İstiklâl Marşı’mızın da yazarı olan Mehmet Akif Ersoy 1873 yılında da İstanbul’da doğmuştur. Yine 27 Aralık 1936 yılında İstanbul’da vefat  etmiştir. Mehmet Akif Ersoy’un asıl adı Ragif’dir. Babası Mehmet Tahir  Efendi,annesi Emine Şerif Hanım’dır.

Mehmet Akif Ersoy ilk ve orta öğreniminden sonra Mülkiye Mektebine devam etti. Babasının vefatı ve evlerinin yanması üzerine Mülkiye Mektebini bırakıp birincilikle bitireceği Baytar  Mektebine kaydoldu. Öğrenimi boyunca Fransızca,Farsça ve Arapça ‘yı da öğrendi.

Göreve atıldıktan sonra Rumeli, Anadolu ve Arabistan’da  uzun yıllar baytarlık yaptı.Bu arada o zaman  ki Ziraat Mektebi’nde ve Darulfünun’da edebiyat  dersleri de vermiştir.

1893 yılında İsmet Hanımla evlenir. Üç kız iki erkek çocuğu olur.
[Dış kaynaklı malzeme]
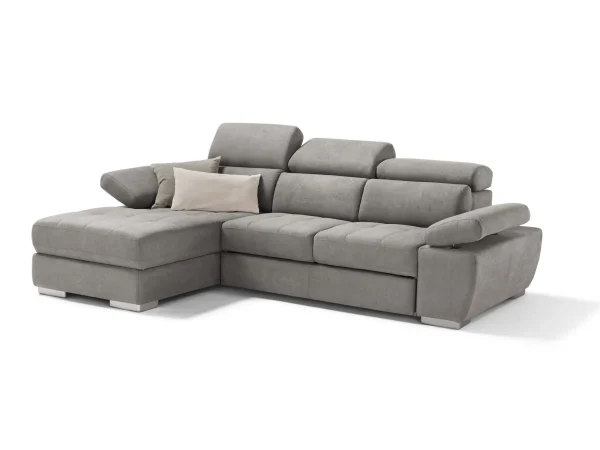 Divano con chaise loungue contenitore e panchetta estraibile modello Swamy - foto 2 di 4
O okurken de memuriyet hayatına başladıktan sonrada çeşitli yollarla bilgisini genişletmeye çalışmıştır. Şiir yazarak edebiyat sahnesinde de yerini almaya başlamıştır.

1920 tarihinde Burdur milletvekili olarak meclise girmiştir.17 Şubat 1921 günü İstiklâl Marşı’nı yazmıştır.12 Mart 1921’de İstiklâl Marşı olarak TBMM’de kabul edilmiştir.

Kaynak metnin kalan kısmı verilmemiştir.